Record extracts
====================

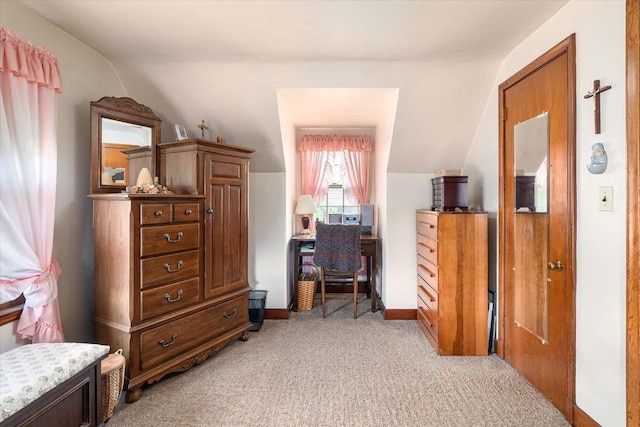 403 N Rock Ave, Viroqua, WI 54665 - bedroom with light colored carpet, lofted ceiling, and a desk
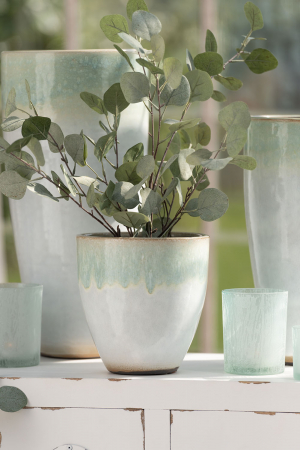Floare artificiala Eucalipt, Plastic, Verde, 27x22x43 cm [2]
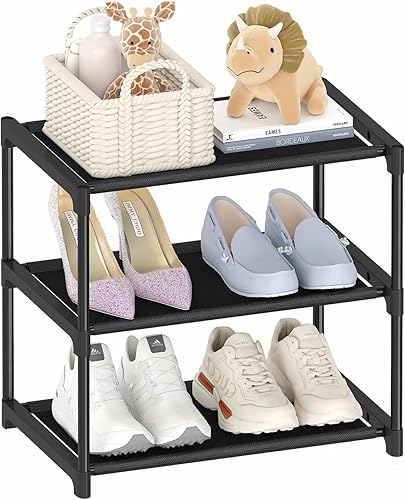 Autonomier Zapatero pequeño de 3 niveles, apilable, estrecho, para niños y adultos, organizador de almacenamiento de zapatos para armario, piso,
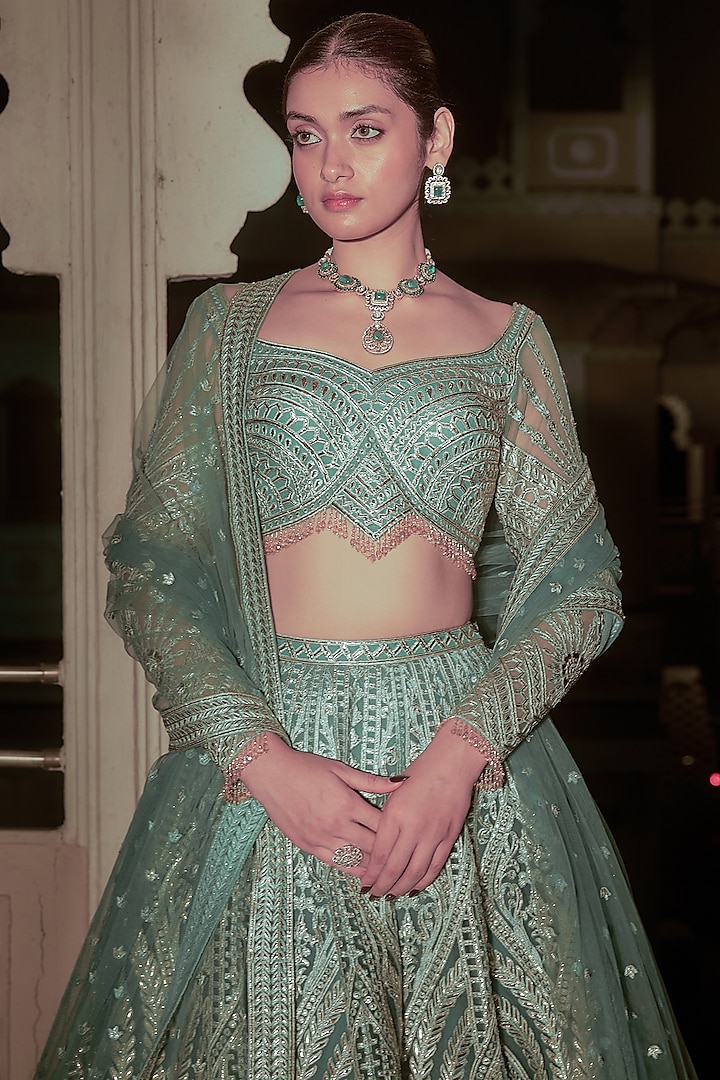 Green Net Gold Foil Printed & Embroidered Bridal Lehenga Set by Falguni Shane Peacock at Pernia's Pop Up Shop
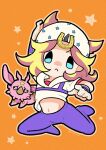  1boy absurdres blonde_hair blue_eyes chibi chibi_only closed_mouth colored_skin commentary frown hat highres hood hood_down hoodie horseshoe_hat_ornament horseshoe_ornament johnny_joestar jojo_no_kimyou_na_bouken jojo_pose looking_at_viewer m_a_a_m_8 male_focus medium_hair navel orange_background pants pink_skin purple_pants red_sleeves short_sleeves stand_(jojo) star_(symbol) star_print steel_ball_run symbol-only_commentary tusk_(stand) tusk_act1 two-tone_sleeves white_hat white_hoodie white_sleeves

====================

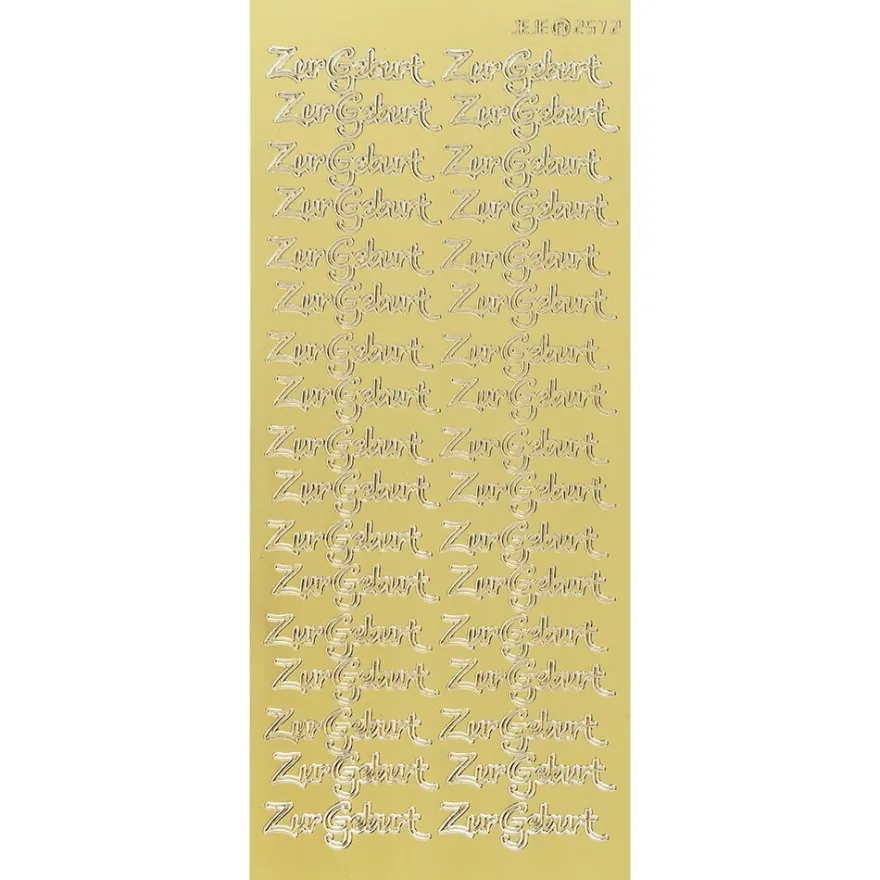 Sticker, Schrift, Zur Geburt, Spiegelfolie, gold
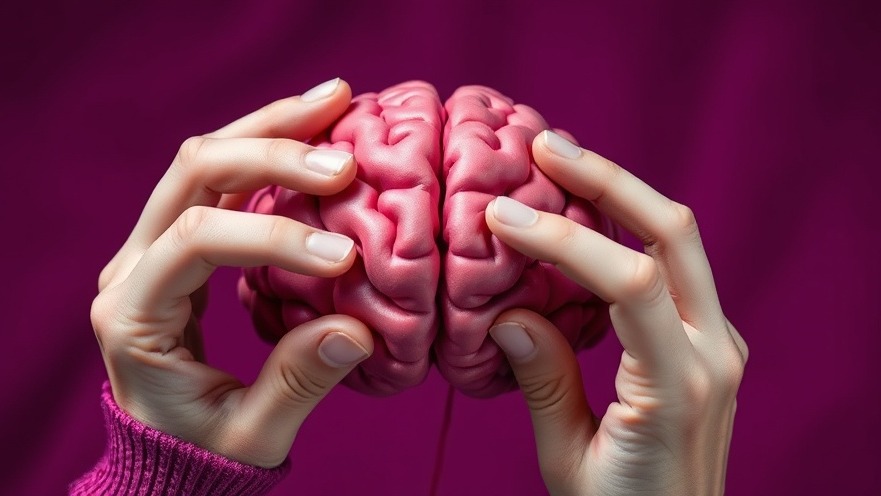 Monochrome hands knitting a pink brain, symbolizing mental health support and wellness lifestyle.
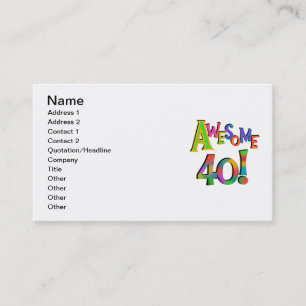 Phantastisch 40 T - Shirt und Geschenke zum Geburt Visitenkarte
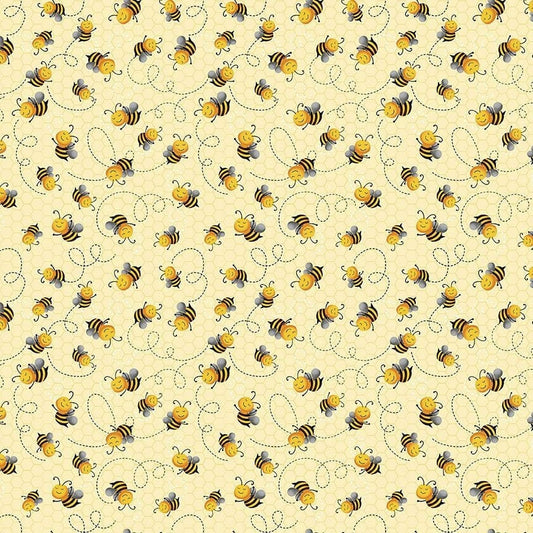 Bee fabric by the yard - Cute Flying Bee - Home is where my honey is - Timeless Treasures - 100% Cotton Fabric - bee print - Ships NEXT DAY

====================

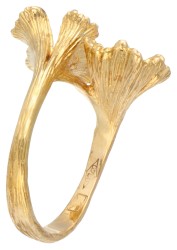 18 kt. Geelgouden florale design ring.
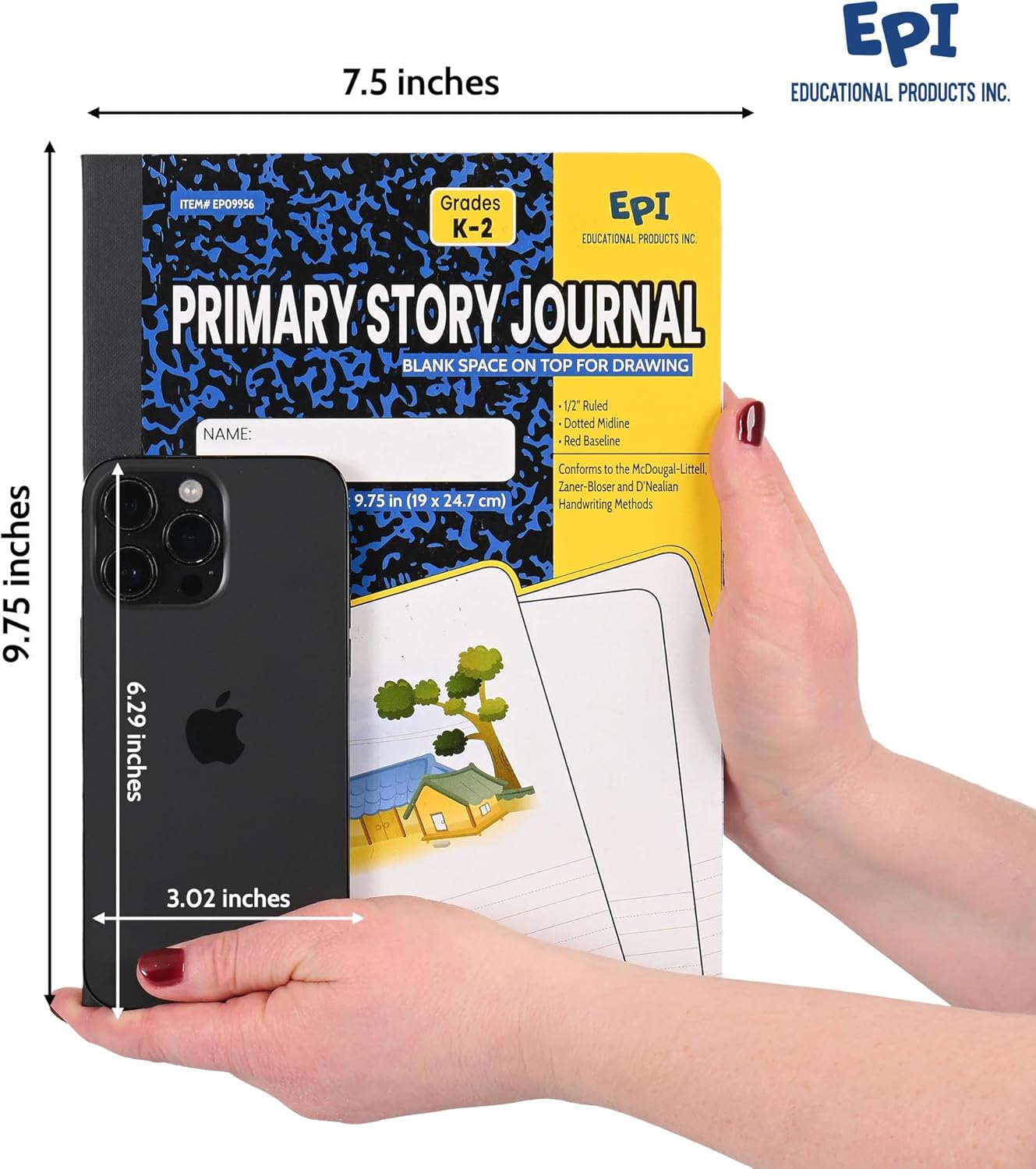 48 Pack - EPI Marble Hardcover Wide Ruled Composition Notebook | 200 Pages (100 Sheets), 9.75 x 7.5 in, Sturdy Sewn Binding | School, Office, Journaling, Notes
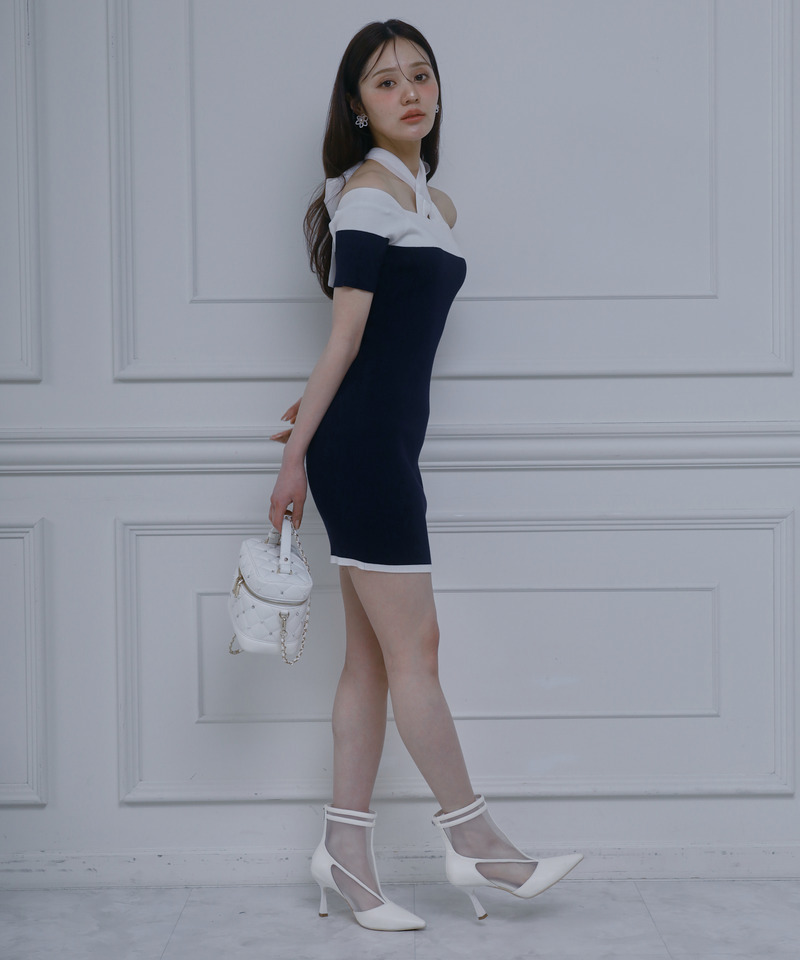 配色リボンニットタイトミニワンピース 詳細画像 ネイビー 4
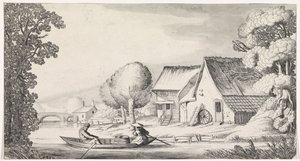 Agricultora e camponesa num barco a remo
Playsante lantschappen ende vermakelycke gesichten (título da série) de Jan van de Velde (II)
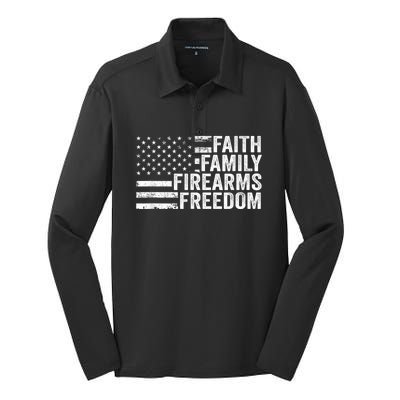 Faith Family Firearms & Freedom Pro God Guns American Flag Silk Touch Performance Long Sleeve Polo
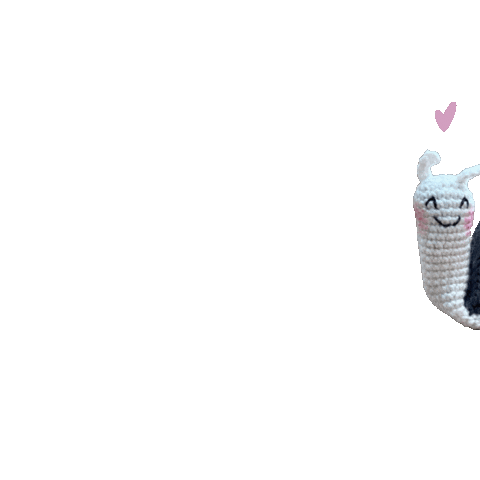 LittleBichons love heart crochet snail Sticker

====================

Work instruction
All that is wanted is the lines above between the one containing "403 N Rock Ave, Viroqua, WI" and the one containing "1boy absurdres blonde_hair", inclusive, restated word for word, with pictures omitted.

Written answer
 403 N Rock Ave, Viroqua, WI 54665 - bedroom with light colored carpet, lofted ceiling, and a desk
Floare artificiala Eucalipt, Plastic, Verde, 27x22x43 cm [2]
 Autonomier Zapatero pequeño de 3 niveles, apilable, estrecho, para niños y adultos, organizador de almacenamiento de zapatos para armario, piso,
 Green Net Gold Foil Printed & Embroidered Bridal Lehenga Set by Falguni Shane Peacock at Pernia's Pop Up Shop
  1boy absurdres blonde_hair blue_eyes chibi chibi_only closed_mouth colored_skin commentary frown hat highres hood hood_down hoodie horseshoe_hat_ornament horseshoe_ornament johnny_joestar jojo_no_kimyou_na_bouken jojo_pose looking_at_viewer m_a_a_m_8 male_focus medium_hair navel orange_background pants pink_skin purple_pants red_sleeves short_sleeves stand_(jojo) star_(symbol) star_print steel_ball_run symbol-only_commentary tusk_(stand) tusk_act1 two-tone_sleeves white_hat white_hoodie white_sleeves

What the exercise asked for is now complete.